Com o pedido ignorado, M.I.A. decidiu intervir mais uma vez. Com uma lata de spray em mãos, entrou no evento e escreveu “negro” em cima da foto emoldurada. Depois disso, distribuiu pelo espaço notas falsas de dinheiro, onde lia-se que, na “República Federativa da Elite, a Arte é sem valor”. Tudo foi registrado em vídeo e publicado posteriormente nas redes sociais.
Ao ser abordado por um homem que, segundo França parecia ser segurança do local, ele diz que pichou a palavra “‘Negro pela exploração do povo e do trabalho do negro. Eu sou de periferia, jamais teria uma obra exposta na SP-Arte. Quem expôs foi um fotógrafo estudante da Escola Belas Artes, branco, não o autor da intervenção, um homem negro”.
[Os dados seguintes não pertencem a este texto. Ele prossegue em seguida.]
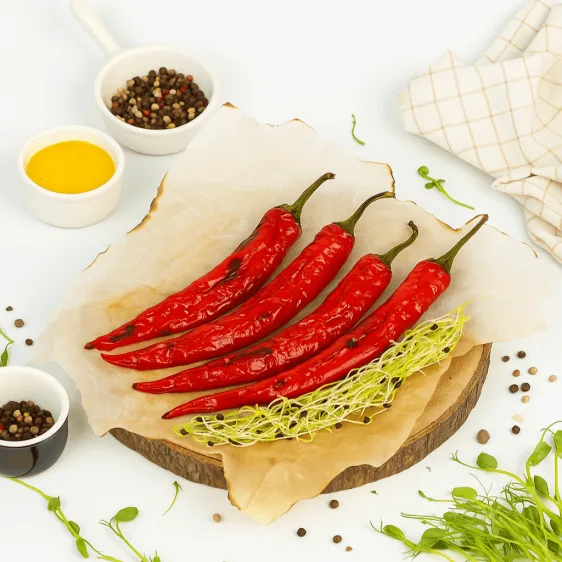 Chili pepper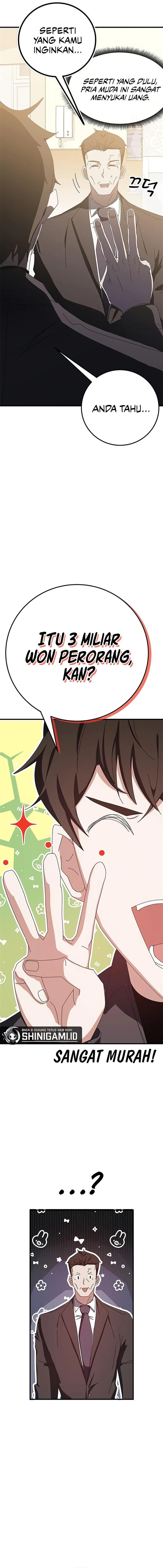 Read Transcension Academy ID Manga Online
Para o artista, escolher monumentos amplia o impacto de sua arte, mas garante que já cumpriu sua meta. “Já fiz todos que eu tinha vontade e estava no propósito”, afirma ele ao portal Ponte Jornalismo. Ele também diz que o intuito de sua arte é atiçar o julgamento crítico. “O que me motiva a fazer arte é a reflexão, fazer com que as pessoas reflitam.”
Black Contemporary Art
Chamada de Black Contemporary Art, a exposição solo de M.I.A. promete apresentar obras desenvolvidas pelo artista entre os anos de 2019 e 2022 e acontecerá entre esta sexta-feira (10/6) e 9 de julho no Fenda Bar e Restaurante, localizado na região de Pinheiros, na capital paulista. A exposição ficará aberta entre as quintas-feiras e os sábados, das 16h às 22h.
Para França, será a representação de “muita vivência transformada em arte, fragmentos da realidade que vivo no meu dia a dia, arte de rua na mais pura essência”.